We thought we could change the world, rearrange the world.
In some ways, we did.
Call out the instigators Because there's something in the air We've got to get together sooner or later Because the revolution's here, and you know it's right And you know that it's right. -- Thunderclap Newman, 1969
Those were the days, my friend. The days when songs with "revolution" in the lyrics weren't yet used to market cars and running shoes.
We thought we could change the world, rearrange the world.
In some ways, we did.
The U.S. media actually brought down a president for 18 minutes of missing tape while today, missing White House emails are lumped in with Alec Baldwin's voice mails.
Millions of us took to the streets and demanded an end to segregation, to war, to nuclear bomb testing. And end them we did.
We had women's lib and we had gay lib. We had causes, and leaders. In 1970, Abbie Hoffman, co-founder of the Yippies -- the Youth International Party -- wrote Steal This Book, a sequel to his F--k the System. Both were guides to anarchic living. The former preached exploiting the establishment while the latter was about overthrowing it.
The irony was that, even though many actually did steal the book and some retailers refused to stock it, it became a New York Times bestseller.

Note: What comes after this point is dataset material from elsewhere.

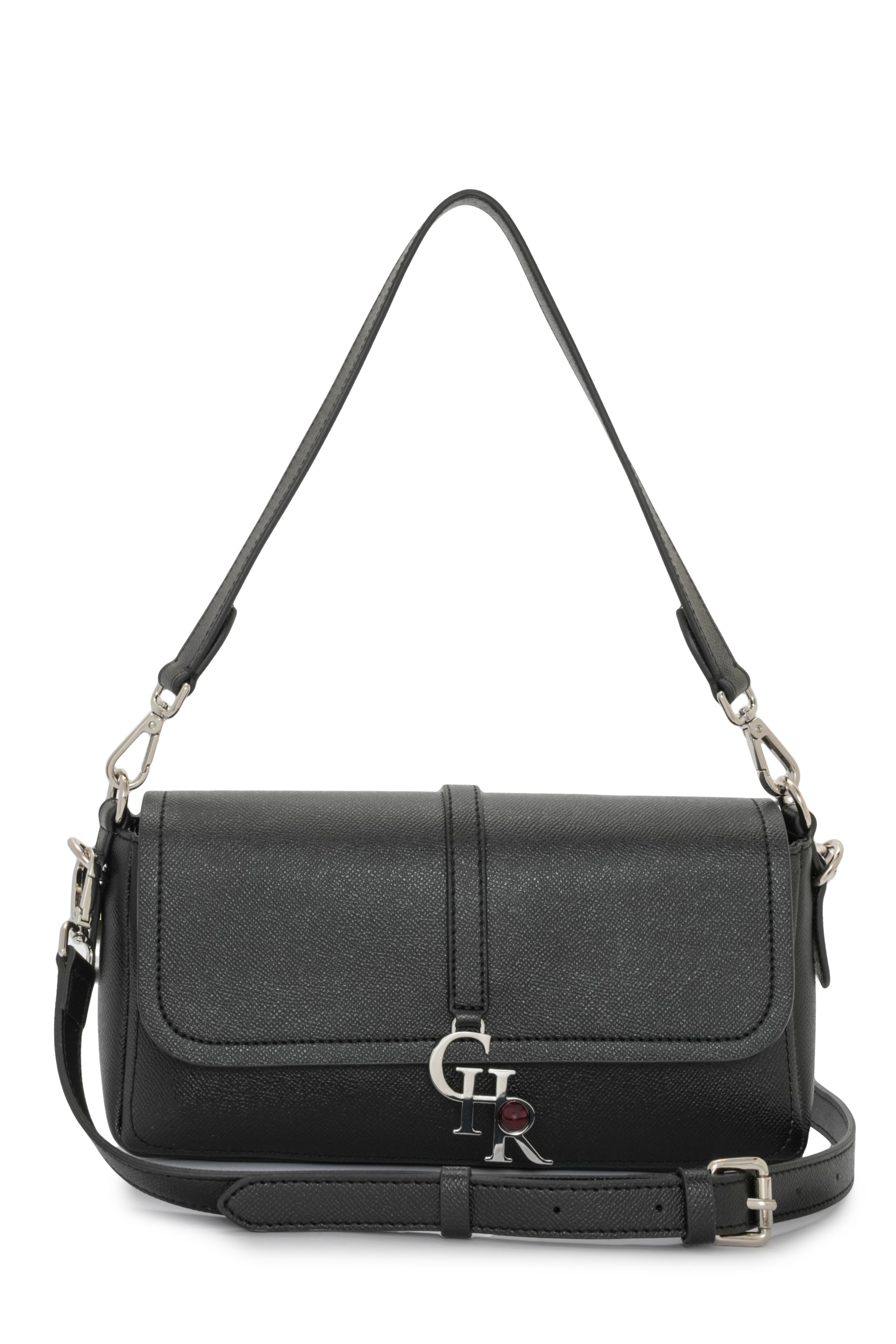 Stella - Black Vegan Leather | Medium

From Steal This Book, I learned how to make a Molotov cocktail. The throwing firebomb kind. Not today's rum and vodka tossing back kind.
Times have changed.
Which brings us to last week's much-vaunted Internet "revolution." It was sparked by a series of 32 letters and numbers that math types call a hexadecimal code, but which looks like a series of bingo calls to me. (God, I feel old.) In fact, last week, when I first saw it plastered all over the Web, I had no sense of its significance, even when it hit the top of Digg, the user-structured site that links to and ranks stories by popularity.
It was all geek to me.
Long story short, according to a U.K.-based hacker blog, last January a Canadian hacker named Muslix16 cracked the HD-DVD encryption system. It was F--k the System and Steal this Movie all in one!
The code ended up on the Web, even landing on YouTube, but not many would-be movie pirates latched on to it right away.
But nothing stays secret for long online -- remember that you kiddies who post silly things about yourselves on Facebook -- and the code spread to more users. Lawyers' letters from New York and Hollywood went flying, sending the e-rebels into an anti-corporate media frenzy -- even though most are clueless as to how to exploit the code. Still, they posted it all on Digg.
So, last Tuesday, the San Francisco company issued a ban on the code or links to the code because, as an independent site, it couldn't deal with the lawsuits that the media giants who own the studios would crush it with.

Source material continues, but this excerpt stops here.